Published:Sunday | September 28, 2014 | 12:00 AM

Changes to the proposed merger between Chiquita and the Irish fruit importer Fyffes will give Chiquita shareholders a larger stake in what would become the world's largest banana supplier.

The companies said last Friday that shareholders of Chiquita Brands International Inc will own nearly a 60 per cent stake in the combined company under the revised all-stock deal, up from about 51 per cent. Fyffes PLC shareholders will see their stake drop to about 40 per cent, from more than 49 per cent.

The boards of both companies have approved the revised deal, but shareholders still have to vote on it.

Chiquita and Fyffes announced their agreement last March. The new company will be incorporated in Dublin, where Fyffes is headquartered. Chiquita is based in Charlotte, North Carolina.
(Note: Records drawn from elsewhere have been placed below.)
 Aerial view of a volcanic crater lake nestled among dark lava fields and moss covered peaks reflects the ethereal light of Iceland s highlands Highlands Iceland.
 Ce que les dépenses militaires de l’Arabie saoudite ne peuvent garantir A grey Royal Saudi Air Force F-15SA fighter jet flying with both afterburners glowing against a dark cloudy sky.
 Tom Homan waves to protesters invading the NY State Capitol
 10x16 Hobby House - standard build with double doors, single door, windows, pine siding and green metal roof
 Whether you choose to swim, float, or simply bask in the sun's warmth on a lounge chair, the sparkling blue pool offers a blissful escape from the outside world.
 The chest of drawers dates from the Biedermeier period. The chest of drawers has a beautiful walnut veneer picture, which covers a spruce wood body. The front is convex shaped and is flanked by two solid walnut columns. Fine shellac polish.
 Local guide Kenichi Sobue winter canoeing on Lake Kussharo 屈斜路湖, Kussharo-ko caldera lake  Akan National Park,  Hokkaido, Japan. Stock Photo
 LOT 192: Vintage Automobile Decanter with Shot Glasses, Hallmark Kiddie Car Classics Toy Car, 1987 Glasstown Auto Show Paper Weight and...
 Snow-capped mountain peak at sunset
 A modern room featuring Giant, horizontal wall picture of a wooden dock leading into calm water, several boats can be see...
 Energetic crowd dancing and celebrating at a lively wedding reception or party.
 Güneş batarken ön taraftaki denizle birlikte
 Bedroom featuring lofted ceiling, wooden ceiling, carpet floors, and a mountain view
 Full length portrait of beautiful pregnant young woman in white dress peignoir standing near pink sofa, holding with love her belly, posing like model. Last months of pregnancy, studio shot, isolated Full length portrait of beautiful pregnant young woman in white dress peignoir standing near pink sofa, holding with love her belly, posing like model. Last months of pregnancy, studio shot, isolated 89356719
Chiquita and Fyffes said last week that they may make some concessions in their agreement to ensure that it is approved by European regulators. Fyffes spokesman Seamus Keenan said the deal revision announced last Friday had nothing to do with that.

He also said the revision was not motivated by new regulations announced this week by the US Treasury Department that are designed to make overseas manoeuvres like the Chiquita-Fyffes deal less lucrative.

Under a so-called 'inversion', a US business will reincorporate in another country after combining with a foreign company. It is then possible to lower the US tax rate of the company.

The practice has become a hot-button issue. Critics, including high-ranking lawmakers, have said that inversions create a heavier tax burden for others.

Keenan said in an email, the merger "is not a tax-based or driven transaction".

The companies also said last Friday that they've agreed to increase the break-up fee Fyffes is paid if the deal is not completed.

Chiquita is still talking with two Brazilian companies that have offered to buy the US banana company for US$611 million. Safra Group and juice company Cutrale Group said in a statement last Friday that the altered deal is still "well below" their offer and they will move forward with plans to buy Chiquita.